Rui Santos presta homenagem ao "eterno capitão" Manuel Fernandes

Meu querido “Manel”,

Decidiste partir.

Pensas tu.

Não partiste, estás entre nós.

Não aches que foi por acaso que te chamaram “capitão eterno”.

Ao contrário de muitos que fazem muito pouco para ter palco, tu fizeste tudo.

Marcaste centenas de golos e estiveste em campo durante anos, em condições de treino difíceis que estas gerações de hoje não fazem nem ideia, jogaste futebol de primeira, com aquela tua fintinha curta absolutamente incomparável e com uma extraordinária capacidade para aparecer na área a finalizar, o instinto matador que é uma qualidade a diferenciar os pontas-de-lança, fizeste TUDO para merecer o reconhecimento do público português e não apenas dos adeptos do Sporting.

Nada foi por favor, ou por compadrio.

Desabrochaste como uma flor num terreno árido e, na CUF, como extremo direito, começaste a dar nas vistas.

Não havia empresários que transformam pigmeus em gigantes e até foste tu, na tua humildade, quem deu uma mão, mais tarde,  ao grande José Mourinho, no início de uma carreira fulgurante.

Sempre foste, aliás, um óptimo ‘olheiro’. Não destes, agora, do Google e da Net, que se sustentam nas técnicas virtuais para tirarem conclusões de relatório, mas daqueles - já extintos - que usavam apenas o olhar (não cibernético) para diferenciar os melhores dos vulgares.

Tu, que estás entre nós para sempre, és uma semente do futebol com paixão.

A paixão que dedicaste ao Sporting, mas acima de tudo a paixão que dedicaste ao futebol na sua dimensão mais pura, quando o dinheiro era apenas um complemento natural do talento e não, como agora, quando o dinheiro aparece ainda antes de se mostrar talento minimamente sustentado.

Sinais dos tempos, com os quais — eu sei —tinhas alguma dificuldade em lidar.

Para ti, era amor, acima de tudo. Era identificação. Era verdade. Lá está, era paixão.

Não me esqueço das tuas entradas pela porta 10-A, com o teu amigo “mui executivo” Rui Jordão, que também recordo com saudade, e com quem aliás desenvolveste algumas das melhores jogadas que vi sobre os relvados e não me esqueço do modo como contribuíste para atenuar o impacto daquele trio de avançados constituído por Marinho, Yazalde e Dinis que marcou uma época no velhinho Estádio de Alvalade, num tempo em que o maliano Salif Keita também fazia vibrar as bancadas como poucos.

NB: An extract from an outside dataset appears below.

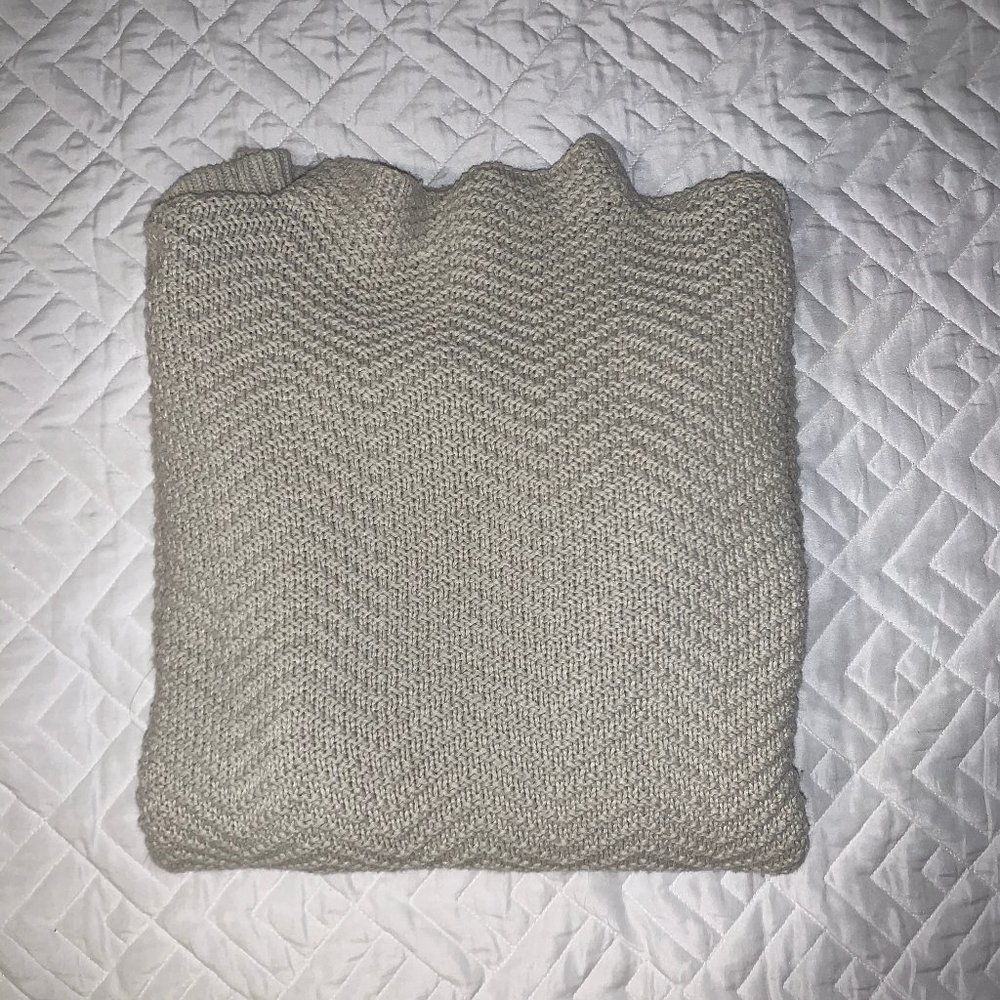 beige/khaki colored knit sweater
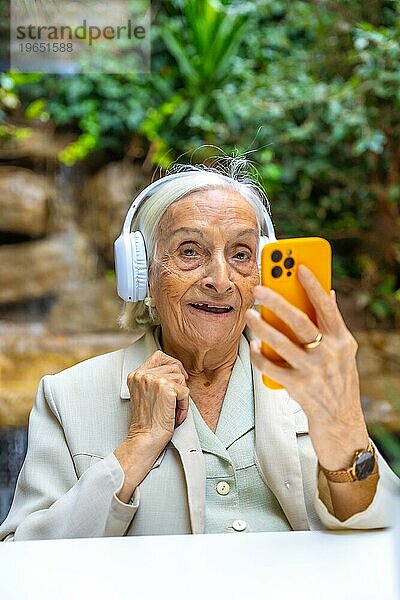 Vertikales Porträt einer älteren Frau  die mit dem Telefon Musik hört  in einer geriatrischen Einrichtung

Como jogador, tiveste a concorrência (nomeadamente na Seleção Nacional) de grandes vultos do futebol luso como o já referido Jordão, Fernando Gomes e Nené, só para citar três exemplos de jogadores que se destacaram nos clubes dominantes do futebol nacional, e talvez por isso não tenhas atingindo na equipa das quinas a dimensão que fizeste tudo para merecer.

E, por falar de trios, o que dizer das triangulações que fazias com o já citado Jordão e com António Oliveira, os três “reis do instinto”, sendo tu aquele que mais trabalhava para fazer emergir a luz do talento?

Inesquecível.

… Mas sabes, meu querido Manel, aquilo que vai ficar para sempre no meu coração, mesmo considerando alguns excessos leoninos, que também presenciei — contudo genuínos — é a tua dimensão humana.

O Homem que és e sempre foste.

Não gostavas dos profissionais da batotice e tínhamos isso em comum.

Gostavas de rivalidade sadia, respeitavas os adversários, tinhas por isso a simpatia deles, menos as dos crónicos batoteiros.

Convivemos durante anos no mesmo espaço mediático e tive o privilégio de te conhecer até em momentos de lazer.

É isso que fica, meu querido Manel. E é isso que repousa no meu coração. E fica o nosso querido Tiago, a tua extensão, o teu filho, que te considera como Pai mas acima de tudo como maior Amigo.

É isso que fica, meu querido Manel. Tu e o teu legado. O do futebol da essência e da vida no seu estado mais natural.

Obrigado!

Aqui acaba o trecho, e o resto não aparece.